Sean told police he had awakened to the feeling of something like a rope tightening around his throat. A large gloved hand covered his face. He struggled and screamed, then heard his assailant utter a deep growling sound and run across the hall. Sean followed his brother into the hallway and saw a man in his mother’s room.

Shannon described a large white male with a long ponytail, wearing a green jogging suit. He thought he held a pearl-handled gun. The younger boy heard a female voice from his mother’s bedroom say, “God, please don’t do that!” then a sound like a firecracker.

When the man ran out past them and scrambled down the stairs, both boys thought they noticed him wearing a green army jacket and low-cut black shoes, similar to the kind police officers wear. On this point the boys could be expected to know what they were talking about, since their father—Christine’s ex-husband, Fred—and their mother’s current boyfriend were both cops.

Sean raced back to his mother, who was still alive, and ripped open her shirt to try to tend to her wound. At around 2:30 A.M., he called his mother’s boyfriend, forty-one-year-old Stewart George Honeck, for help. Sean would remember Honeck saying, “I knew this would happen. I think Freddie did it.”

Honeck called the police emergency number, then immediately went to Christine Schultz’s house, accompanied by his roommate, Kenneth Retkowski, another police officer.
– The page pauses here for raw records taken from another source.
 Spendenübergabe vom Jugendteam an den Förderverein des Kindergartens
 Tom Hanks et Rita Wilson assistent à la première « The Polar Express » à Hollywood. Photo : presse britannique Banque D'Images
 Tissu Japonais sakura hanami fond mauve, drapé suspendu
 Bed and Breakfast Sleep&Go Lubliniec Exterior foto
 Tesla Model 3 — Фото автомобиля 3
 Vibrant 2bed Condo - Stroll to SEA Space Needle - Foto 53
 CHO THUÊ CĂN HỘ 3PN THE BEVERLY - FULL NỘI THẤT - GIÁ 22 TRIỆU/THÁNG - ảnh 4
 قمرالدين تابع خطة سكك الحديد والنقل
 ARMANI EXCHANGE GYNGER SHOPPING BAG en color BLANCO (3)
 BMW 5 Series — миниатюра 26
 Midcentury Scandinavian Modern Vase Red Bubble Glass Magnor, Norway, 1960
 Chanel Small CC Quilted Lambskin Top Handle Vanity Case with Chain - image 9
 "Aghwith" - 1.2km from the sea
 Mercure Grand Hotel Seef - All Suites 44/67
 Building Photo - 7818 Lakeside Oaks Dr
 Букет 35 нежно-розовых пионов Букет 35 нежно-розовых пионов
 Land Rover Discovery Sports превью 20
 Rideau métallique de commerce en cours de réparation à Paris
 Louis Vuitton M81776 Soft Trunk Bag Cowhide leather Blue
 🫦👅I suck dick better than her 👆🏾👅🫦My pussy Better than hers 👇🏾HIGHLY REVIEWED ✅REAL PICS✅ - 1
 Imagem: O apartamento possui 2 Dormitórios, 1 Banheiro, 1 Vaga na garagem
They arrived at virtually the same time as the patrol car Honeck had summoned. Once inside, Honeck went upstairs and rolled Christine’s body over to check on her. Although this is a natural reaction on the part of a victim’s boyfriend called in by her panicking children, technically he disturbed the crime scene. This would be just one in a series of investigative irregularities.

Elfred O. “Fred” Schultz, divorced from Christine the previous November after eleven years of marriage, was on duty that night when he was notified of the crime. He went to the crime scene while Christine was still in the house. Again, I can understand why he’d want to be there—especially with his sons in the house—but he should have been kept away. As the ex-husband, regardless of his alibi of being on duty, he would have to be considered a potential suspect. I know only too well, though, what must have transpired because we’ve seen it in so many cases where a cop’s family is involved. These other officers know him, know these are his kids, this is his house, etc., and see him as a victim. It’s a natural and common reaction.

Schultz called and awakened his twenty-one-year-old current wife, Lawrencia Bembenek, to let her know what had happened. Then he and his partner, Detective Michael Durfee, drove to his and Laurie’s apartment, sixteen blocks from the crime scene. Fred felt the hood of her car, which he said was cold, and in Durfee’s presence, examined his off-duty .38. Durfee smelled it and examined it himself. There was dust on the weapon and Durfee determined that it had not been fired that night nor recently cleaned. Fred asked Laurie to accompany him to identify the victim—his ex-wife—and took the off-duty pistol with him in a briefcase. In what would prove to be another investigative miscue, Fred failed to have his off-duty revolver—which would later be determined to be the murder weapon—properly registered with the crime lab. The serial number of the weapon was not recorded and the weapon remained in his possession for three weeks before he turned it in for examination.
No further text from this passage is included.